I would be inclined to agree, but some reliable sources state that it is a sub-genre of psychedelic rock, and that is quite hard to argue against.--SabreBD (talk) 10:16, 8 September 2011 (UTC)
I came of awareness late in the game say 1969 and 1970 and my memory of it differs in someways and is the same in someways from the reliable sources of today. Yes it was an adult coined catchall term and was a subgenre of psychedelic rock. While the "Trippy" elements were up front in most psychedelic rock the LOUD and "grating" elements that drove parents crazy were upfront in Acid Rock songs while "druggy" stuff was more in the background. Hendrix and Joplin were the two defining figures of acid rock. Joplins "screaming" vocals style made her acid rock. Psychedelic but not acid Donovan too mellow, Strawberry Alarm Clock vocals a little to trippy a little too many keyboards. Steppenwolf definitely Acid rock, "Ride Captain Ride" (guitar solo), "Spirit in the Sky" and vaguely the first "Venus" (she screamed) was the watered down pop hooked up version of the acid rock (nobody would say "acid pop" or "psychedelic pop") that was acceptable for Top 40 AM radio. Remember in pre multitasking 1970 what was loud and grating in middle America is tame by today's standards. Edkollin (talk) 21:04, 6 September 2012 (UTC)

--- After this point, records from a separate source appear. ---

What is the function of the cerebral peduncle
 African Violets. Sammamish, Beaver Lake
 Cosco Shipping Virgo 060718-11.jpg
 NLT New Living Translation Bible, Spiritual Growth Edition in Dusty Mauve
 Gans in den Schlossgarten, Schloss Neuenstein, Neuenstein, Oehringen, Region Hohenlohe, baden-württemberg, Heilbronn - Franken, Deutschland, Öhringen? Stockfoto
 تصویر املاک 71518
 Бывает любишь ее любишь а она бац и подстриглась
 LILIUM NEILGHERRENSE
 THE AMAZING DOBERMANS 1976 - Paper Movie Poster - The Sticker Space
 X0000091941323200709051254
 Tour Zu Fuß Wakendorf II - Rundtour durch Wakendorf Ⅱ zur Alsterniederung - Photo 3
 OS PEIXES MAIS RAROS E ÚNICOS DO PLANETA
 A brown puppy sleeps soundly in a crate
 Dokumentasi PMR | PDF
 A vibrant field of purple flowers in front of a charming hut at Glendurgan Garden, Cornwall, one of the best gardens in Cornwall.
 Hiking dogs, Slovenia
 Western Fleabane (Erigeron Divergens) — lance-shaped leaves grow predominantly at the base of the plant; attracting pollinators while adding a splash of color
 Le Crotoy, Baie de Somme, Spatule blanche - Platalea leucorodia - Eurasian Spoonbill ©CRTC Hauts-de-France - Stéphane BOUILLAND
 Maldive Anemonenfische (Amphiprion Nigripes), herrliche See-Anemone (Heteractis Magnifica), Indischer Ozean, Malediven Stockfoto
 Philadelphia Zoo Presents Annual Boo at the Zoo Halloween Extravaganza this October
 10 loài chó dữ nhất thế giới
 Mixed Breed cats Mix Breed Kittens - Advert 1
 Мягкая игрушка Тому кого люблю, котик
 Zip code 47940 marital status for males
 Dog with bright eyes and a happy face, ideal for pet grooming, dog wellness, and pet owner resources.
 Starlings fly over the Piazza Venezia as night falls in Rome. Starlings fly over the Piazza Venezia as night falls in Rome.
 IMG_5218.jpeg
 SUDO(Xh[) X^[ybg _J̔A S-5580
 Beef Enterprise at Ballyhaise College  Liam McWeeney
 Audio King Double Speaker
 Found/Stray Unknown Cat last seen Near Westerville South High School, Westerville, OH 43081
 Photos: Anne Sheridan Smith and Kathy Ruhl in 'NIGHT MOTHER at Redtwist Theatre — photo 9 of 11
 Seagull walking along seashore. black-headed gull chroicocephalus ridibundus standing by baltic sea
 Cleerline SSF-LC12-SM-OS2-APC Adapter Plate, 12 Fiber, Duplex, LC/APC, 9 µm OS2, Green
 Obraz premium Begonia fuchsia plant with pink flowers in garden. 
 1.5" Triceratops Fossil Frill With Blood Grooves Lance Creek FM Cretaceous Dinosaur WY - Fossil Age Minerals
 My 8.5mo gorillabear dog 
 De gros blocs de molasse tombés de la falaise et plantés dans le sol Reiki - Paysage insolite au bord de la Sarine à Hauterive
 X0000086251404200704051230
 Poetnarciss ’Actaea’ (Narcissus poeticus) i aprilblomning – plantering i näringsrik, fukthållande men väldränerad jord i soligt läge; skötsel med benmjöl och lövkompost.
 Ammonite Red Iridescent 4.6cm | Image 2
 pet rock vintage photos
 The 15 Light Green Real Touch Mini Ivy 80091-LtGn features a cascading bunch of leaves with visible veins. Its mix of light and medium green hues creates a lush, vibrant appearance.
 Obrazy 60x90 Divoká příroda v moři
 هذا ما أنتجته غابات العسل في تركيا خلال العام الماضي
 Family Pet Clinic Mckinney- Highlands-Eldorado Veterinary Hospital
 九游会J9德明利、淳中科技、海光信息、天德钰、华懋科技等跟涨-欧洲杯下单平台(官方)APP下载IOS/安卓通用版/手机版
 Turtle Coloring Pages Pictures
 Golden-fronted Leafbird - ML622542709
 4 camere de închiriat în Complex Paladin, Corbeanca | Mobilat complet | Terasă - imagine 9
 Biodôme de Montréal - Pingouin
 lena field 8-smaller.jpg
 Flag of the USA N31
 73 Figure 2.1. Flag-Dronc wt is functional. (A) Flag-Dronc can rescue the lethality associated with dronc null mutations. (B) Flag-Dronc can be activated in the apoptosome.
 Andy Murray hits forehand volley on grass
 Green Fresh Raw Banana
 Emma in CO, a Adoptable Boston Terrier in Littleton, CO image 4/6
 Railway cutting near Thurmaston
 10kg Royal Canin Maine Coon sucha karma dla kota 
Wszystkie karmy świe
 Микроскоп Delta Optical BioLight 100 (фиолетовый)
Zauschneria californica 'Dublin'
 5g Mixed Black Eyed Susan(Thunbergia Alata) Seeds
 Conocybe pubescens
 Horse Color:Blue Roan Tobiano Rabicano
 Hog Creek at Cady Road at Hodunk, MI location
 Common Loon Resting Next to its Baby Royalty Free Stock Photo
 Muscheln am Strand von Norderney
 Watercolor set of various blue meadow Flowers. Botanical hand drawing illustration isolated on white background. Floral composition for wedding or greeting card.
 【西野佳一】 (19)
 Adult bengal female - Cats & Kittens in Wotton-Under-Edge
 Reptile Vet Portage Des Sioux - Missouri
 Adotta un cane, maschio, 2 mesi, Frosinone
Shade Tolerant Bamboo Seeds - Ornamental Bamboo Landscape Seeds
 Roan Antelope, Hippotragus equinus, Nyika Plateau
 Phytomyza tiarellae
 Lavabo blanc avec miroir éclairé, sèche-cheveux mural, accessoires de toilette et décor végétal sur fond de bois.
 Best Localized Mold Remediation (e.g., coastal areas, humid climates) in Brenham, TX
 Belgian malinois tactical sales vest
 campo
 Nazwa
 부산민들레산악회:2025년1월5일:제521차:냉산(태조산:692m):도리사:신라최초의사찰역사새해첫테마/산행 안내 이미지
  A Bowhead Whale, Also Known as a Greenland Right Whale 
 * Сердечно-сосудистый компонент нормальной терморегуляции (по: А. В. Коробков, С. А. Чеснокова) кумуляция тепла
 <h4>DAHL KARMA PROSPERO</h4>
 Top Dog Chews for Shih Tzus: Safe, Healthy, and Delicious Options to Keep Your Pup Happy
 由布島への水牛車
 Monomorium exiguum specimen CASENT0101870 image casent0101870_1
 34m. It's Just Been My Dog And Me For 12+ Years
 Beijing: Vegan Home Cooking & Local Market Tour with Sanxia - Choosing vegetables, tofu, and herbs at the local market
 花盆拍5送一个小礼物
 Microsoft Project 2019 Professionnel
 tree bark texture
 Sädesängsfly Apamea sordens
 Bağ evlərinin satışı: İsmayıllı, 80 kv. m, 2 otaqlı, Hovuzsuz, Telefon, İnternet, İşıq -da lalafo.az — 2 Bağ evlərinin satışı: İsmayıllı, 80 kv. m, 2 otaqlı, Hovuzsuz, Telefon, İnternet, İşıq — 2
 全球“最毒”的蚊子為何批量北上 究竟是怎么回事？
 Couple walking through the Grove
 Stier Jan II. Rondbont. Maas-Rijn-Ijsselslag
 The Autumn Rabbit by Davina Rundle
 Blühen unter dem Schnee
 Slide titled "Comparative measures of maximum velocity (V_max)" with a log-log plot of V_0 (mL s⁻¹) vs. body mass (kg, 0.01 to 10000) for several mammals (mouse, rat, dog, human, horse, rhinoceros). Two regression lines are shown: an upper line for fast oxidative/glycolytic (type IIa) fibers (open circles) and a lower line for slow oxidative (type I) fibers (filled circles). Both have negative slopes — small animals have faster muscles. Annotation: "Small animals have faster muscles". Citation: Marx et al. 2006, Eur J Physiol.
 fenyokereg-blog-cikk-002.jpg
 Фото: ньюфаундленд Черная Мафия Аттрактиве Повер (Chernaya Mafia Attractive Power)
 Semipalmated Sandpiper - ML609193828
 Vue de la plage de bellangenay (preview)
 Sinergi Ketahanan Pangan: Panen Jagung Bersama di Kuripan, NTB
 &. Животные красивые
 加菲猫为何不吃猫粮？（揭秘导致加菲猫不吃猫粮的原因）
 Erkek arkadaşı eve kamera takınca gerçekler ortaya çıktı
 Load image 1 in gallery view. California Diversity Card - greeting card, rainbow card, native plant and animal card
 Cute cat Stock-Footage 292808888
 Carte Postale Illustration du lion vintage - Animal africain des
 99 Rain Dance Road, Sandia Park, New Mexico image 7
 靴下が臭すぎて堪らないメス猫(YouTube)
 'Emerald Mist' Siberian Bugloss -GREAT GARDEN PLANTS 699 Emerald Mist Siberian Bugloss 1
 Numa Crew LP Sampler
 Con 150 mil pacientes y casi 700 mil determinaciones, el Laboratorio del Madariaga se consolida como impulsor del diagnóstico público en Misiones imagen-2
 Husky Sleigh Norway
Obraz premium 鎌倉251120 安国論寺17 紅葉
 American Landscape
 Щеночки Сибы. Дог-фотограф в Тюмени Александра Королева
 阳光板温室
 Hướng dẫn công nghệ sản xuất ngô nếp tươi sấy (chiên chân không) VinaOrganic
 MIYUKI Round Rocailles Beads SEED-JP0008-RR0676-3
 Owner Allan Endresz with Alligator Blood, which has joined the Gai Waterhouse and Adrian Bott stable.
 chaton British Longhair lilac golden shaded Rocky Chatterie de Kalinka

Black Sabbath & The Electric Kool-Aid Acid Test[edit]

I haven't read the book but it strikes me odd that Black Sabbath is supposedly mentioned in it. The book was published in 1968 and Black Sabbath released their first single in 1970 (changed their name in 1969). So either Tom Wolfe had an epihany while enjoying some kool-aid, Black Sabbath figured a way to travel back in time or a different band with the same name was around while Wolfe wrote the book?!

I think Sabbath turn up more in apocalyptic visions than LSD prompted ones. A classic case of list creep. I have restored an older version of the sentence. Thanks for pointing it out.--SabreBD (talk) 08:51, 22 June 2013 (UTC)

"Form of psychedelic rock"[edit]

Almost every single time I read "psychedelic rock" in print, I see it followed by "also known as acid rock", or vice versa. Historically, it has certainly been used more as a synonym than it has been used to describe a substyle of psyche rock. And there is no need to write "harder, heavier, faster, stronger, intense, rawer, energetic..." over and over again. Look at the MOS for leads:

The first paragraph should define or identify the topic with a neutral point of view, but without being too specific. It should establish the context in which the topic is being considered by supplying the set of circumstances or facts that surround it. ... It should also establish the boundaries of the topic.

Try to not overload the first sentence by describing everything notable about the subject. Instead use the first sentence to introduce the topic, and then spread the relevant information out over the entire lead.

A disambiguation page should not be created just because it is difficult to write an article on a topic that is broad, vague, abstract, or highly conceptual. ... Many definitions of triangle center are used in Euclidean geometry, which coincide only in the special case of equilateral triangles. The article lists a dozen of these, and also gives a validity criterion applicable to various definitions of "center".

This is a loosely defined style. You absolutely need to acknowledge this in the first sentence as concisely as possible, otherwise people (me included) are going to wonder what the hell "Good Vibrations" has to do with Black Sabbath. Furthermore, contradictions are presented by your edit

  1. If acid rock is loosely defined, and sources don't agree on whether it's a subgenre of psyche rock or rock in general, then it would be disingenuous to definitively state "...is a form of psychedelic rock" (WP:BALASPS) (WP:CHERRYPICKING).
  2. If acid rock is a synonym for psychedelic rock, it can't also be a subgenre of psychedelic rock. It's either all psyche rock or some psyche rock. It can't be both.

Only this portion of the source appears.